I have been struggling to get to grips with what sequester strategies the players are playing. Jonathan Chait argues that Mr. Boehner has been boxed into a corner. He is committed to reform of the US’s safety net and retirement programmes, but has not come up with specific plans because they would be unpopular; he wants to force Mr. Obama to propose any cuts. I wonder, therefore, whether his plan for the sequester was to force Mr. Obama to make proposals for spending cuts without tax increases, on pain of having the sequester happen. If Obama complied, Mr. Boehner would have appeased both the Tea Party, whom he has promised significant deficit cuts, and defence hawks, who would welcome a modification of the sequester; Mr. Chait argues that these are his two key constituencies in Congress.

If I am right about Mr. Boehner’s strategy, and since Mr. Boehner was the first player to move in this particular game, we can move on to consider Mr. Obama’s response. It would appear at first glance that Mr. Boehner has played the same trick as Mr. Obama played at the start of the year, using the prospect of something that would occur automatically to force the other side to agree to the same thing in lesser degree. However, there is a significant difference. It is true that Mr. Obama did not want sharp tax increases, but he could count on the Republicans’ visceral anti-tax reaction to force some kind of deal. In the present case, while it is probably true that Mr. Obama would rather not see the sequester happen, he is not viscerally against it; indeed, I have argued before that he would probably like to see a degree of deficit reduction this year.

This means that Mr. Obama has not been imprisoned in an ideology: he has been free to think though a political strategy. And it seems likely, given that the plans that have so far been suggested by Mr. Obama and Democratic politicians contained tax increases that were obviously unacceptable to the Republicans, that Mr. Obama’s strategy is to call the Republicans’ bluff. In previous wrangles over government spending, the Republicans have come off worse in terms of public opinion. Congressional Republicans are presently hitting new lows in the polls, while Mr. Obama’s net approval rating remains higher than it was for most of his first term; in spite of Mr. Boehner’s lame attempts to paint the sequester as being Mr. Obama’s fault, it seems that the public are blaming the Republicans again. I wonder whether Mr. Obama’s plan is as follows: let the sequester happen; wait for stories about sacked teachers, benefit cuts for military personnel, and so on, to fill the airwaves; make sure the Republicans take the flak; then reach over the heads of Congress with a “compromise” plan that contains the kind of cuts that he would actually like to make. This is a pretty bold strategy, but it is also a good way to break out of the cage imposed by the automaticity of the sequester; from a longer-term perspective, a hard-line response to Republican fiscal blackmail could bring the problem to a head in a clash of public opinion that Mr. Obama might win.
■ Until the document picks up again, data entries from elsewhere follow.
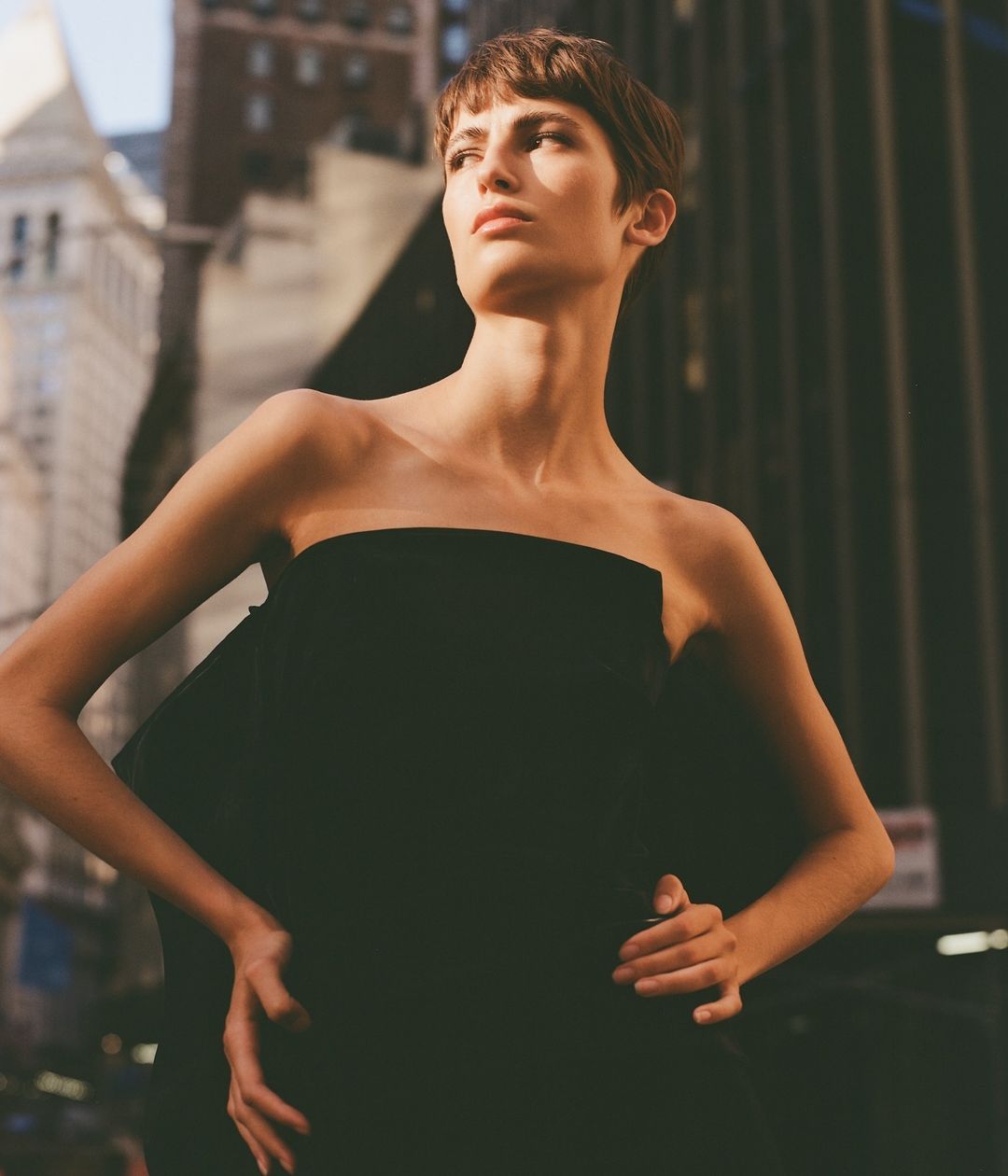 Model with short brown hair wearing a strapless black dress posing outdoors against an urban architectural street backdrop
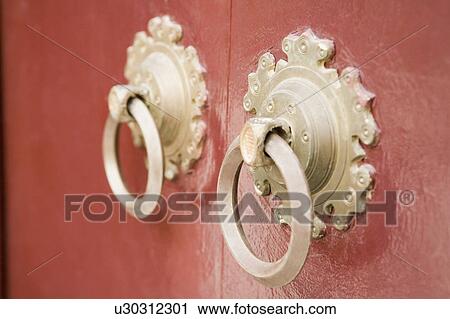 Stock Image - Close-up of two doorknockers on a door. Fotosearch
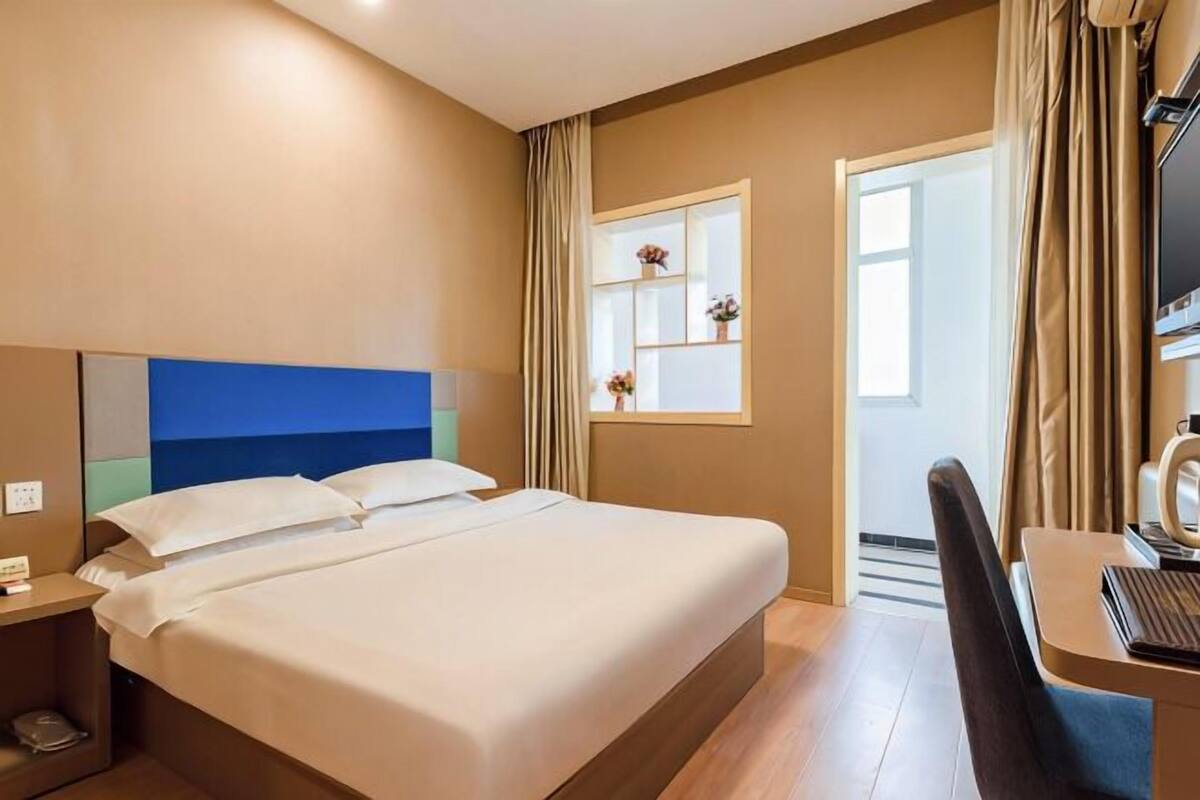 A hotel room with a bed, a desk with a chair, a television, and a window with curtains.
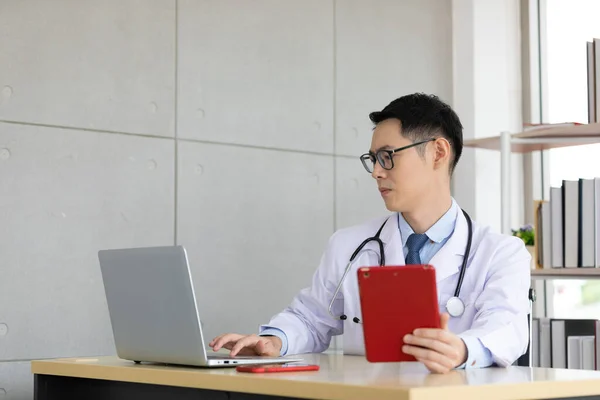 asian doctor talking with patient and co-worker through online video chat with computer and holding tablet in hospital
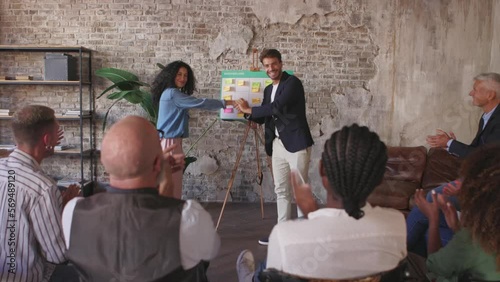 happy businesswoman gets applause from her colleagues - an employee of the month nominee after brainstorming photo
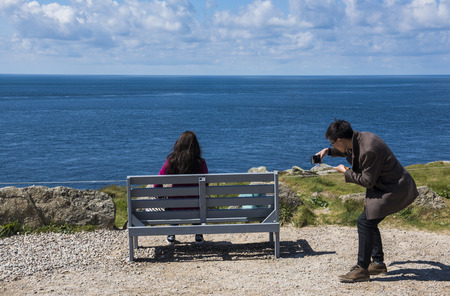 Lands' End, England - April 27, 2017: Tourists sitting on bench at Last/first house at Lands' End in summer taking pictures with phone.のeditorial素材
Tim Duy points out that the Fed did say it would pay attention to the costs and benefits of QE in its statement when it set the labour-market criterion for the end of the programme. It seems that some FOMC members took this more seriously than the market realised, and that the question was not settled. Robin Harding argues that the fact that “many participants” were worried about the costs suggests that worries extend well beyond the usual hawks. However, I still do not see any evidence that the usual doves could become a minority. Bernanke’s testimony to Congress next week may make things clearer.

Some Fed officials have given speeches. Mr. Williams said that unemployment is unlikely to fall below 6.5% until H2 2015. He also said that the market should not take the beginning of “tapering” of purchases as a signal that they might be closer to stopping. Good luck with that, Mr. Williams — that is exactly how the market will take it, because that is what it will be. Mr. Bullard, in contrast, expected unemployment to fall below 6.5% by June 2014. Neither line was surprising — Mr. Williams is more doveish, Mr. Bullard more hawkish.

Bloomberg has an interesting article on the intellectual development of Mr. Abe (http://bloom.bg/UPxT64). This is a reminder that not all policy-makers’ views are set in stone. I tend to assume that they are, because 1) I think there is a strong relationship between personality and political affiliation, and between political affiliation and opinions and 2) parties (and indeed voters) choose politicians for what they stand for, not for their personal qualities, and therefore reward those who stand for something consistent — which might well be at the cost of intellectual openness. There are exceptions, however, like Mr. Kocherlakota’s change of mind on the costs and benefits of QE last year; Mr. Abe’s intellectual shift is another. It is a pity that the mind of our own Mr. Osborne appears to remain closed on the subject of fiscal policy.